The narrative that emerged from the minutes of the June FOMC meeting fell unequivocally on the hawkish side of the spectrum. The summary of opinions confirmed some divergence within the committee, as some members would have favoured a hike already in June, but accepted a pause and signalled instead more tightening via the new dot plot projections. "Almost all" participants thought more tightening was likely this year.

There was also an acknowledgement of ongoing firm GDP growth and high inflation, with core inflation, in particular, showing no tendency to ease as of yet this year. The Fed also noted that credit remains available to high-rated borrowers, but that lending conditions had tightened further for bank-dependent borrowers. Still, the risk of a credit crunch was deemed modest.

All in all, the minutes offered no reason to doubt the Fed will go ahead with a July hike (85% priced in) unless data points firmly in the opposite direction on the economic and inflation side. The hawkish minutes, however, may have further raised the bar for disappointing data to cast doubt on further tightening.

Today, the ISM services figures for June will be closely watched, as last month's print (50.3) surprised sharply on the downside. Consensus is expecting a rebound to 51.2, while another surprise drop could take the index into contractionary territory – where the ISM manufacturing has been for the past eight months. Expect any surprises on the ISM release to drive most of the dollar reaction today, but markets will also look at some labour data, in particular, the JOLTS job opening figures for May and the ADP payrolls for June.

The dollar has drawn some strength from the hawkish FOMC minutes, which have so clearly pointed to more tightening, that it will probably take some substantial downside surprise for markets re-consider their expectations.
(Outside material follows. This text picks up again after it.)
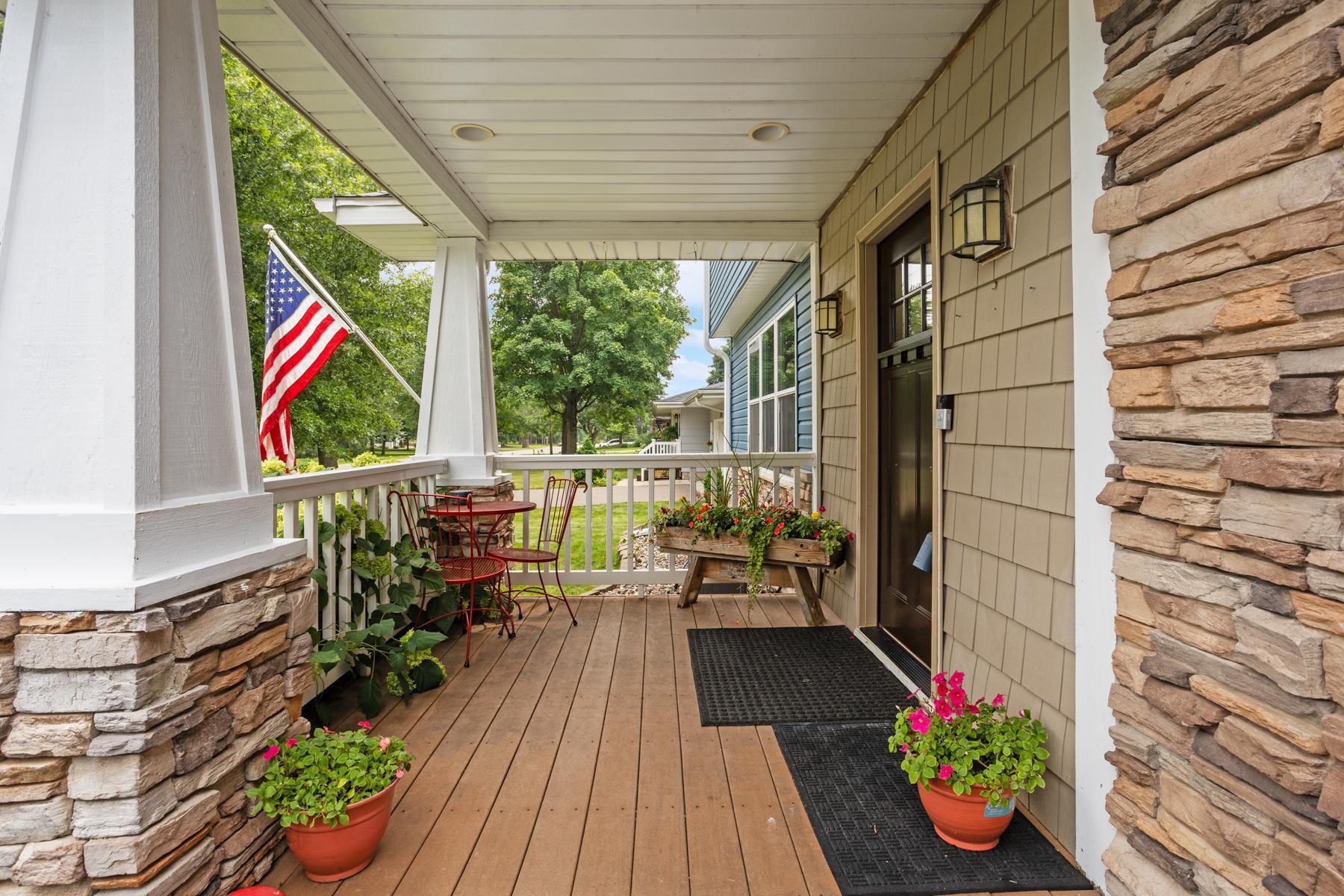 3903 E County Line N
With this in mind, the dollar's reaction to today's data may not prove particularly long-lived, especially if tomorrow's payrolls continue to point to a tight jobs market and keep a post-July hike on the table.

EUR: Downside risks into the weekend

Medium-term consumer inflation expectations in the eurozone continued to ease in May, with the 12-month expectation gauge declining from 4.1% to 3.9%. However, long-term (three-year) inflation expectations – arguably of greater interest for the European Central Bank - remained unchanged at 2.5%, well above the bank's 2% target. When taking June's flash core CPI estimates on board, the ECB hawks hardly lack arguments to continue tightening.
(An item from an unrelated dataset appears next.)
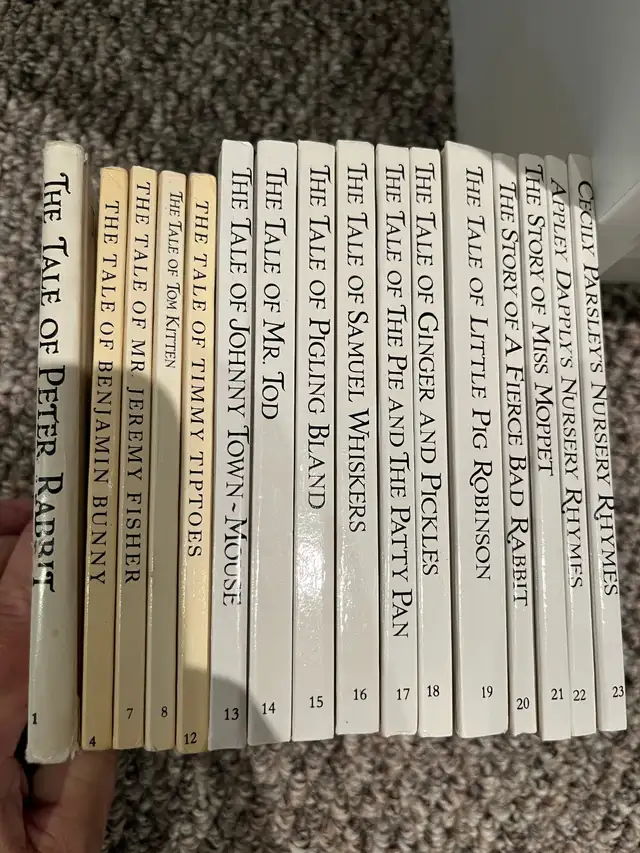 16 Vintage Beatrix Potter Books of Peter Rabbit. 1988 & Earlier in Arts & Collectibles in Mississauga / Peel Region - Image 11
Today, the eurozone calendar is very light, and EUR/USD will trade in line with the dollar's reaction to US data. We suspect the pair is facing some downside risks in the latter part of the year after the FOMC minutes set the bar quite high for data to convince markets to price out Fed rate hikes. There is still a gap to be filled (around 20bp) between the Fed communication (dot plots) and the market pricing, while the ECB's communication is pretty much matched by the EUR OIS curve, which currently embeds two hikes by year-end. EUR/USD could slip below 1.0800 before the end of the week, if US data were to come in on the strong side.

GBP: Watch for data outliers

Today's focus will be on the Bank of England's Decision Maker survey, which has pointed to easing pay and price expectations over the coming months. Hard data has pointed in the opposite direction, and this might emerge again as an outlier in a very "hawkish" set of data for the BoE and markets today.

Markets remain highly sensitive to any incoming developments on the price side and the still quite aggressive BoE tightening expectations (140bp by January 2024) do point to some risk of recalibration (and GBP downside risks) around any release.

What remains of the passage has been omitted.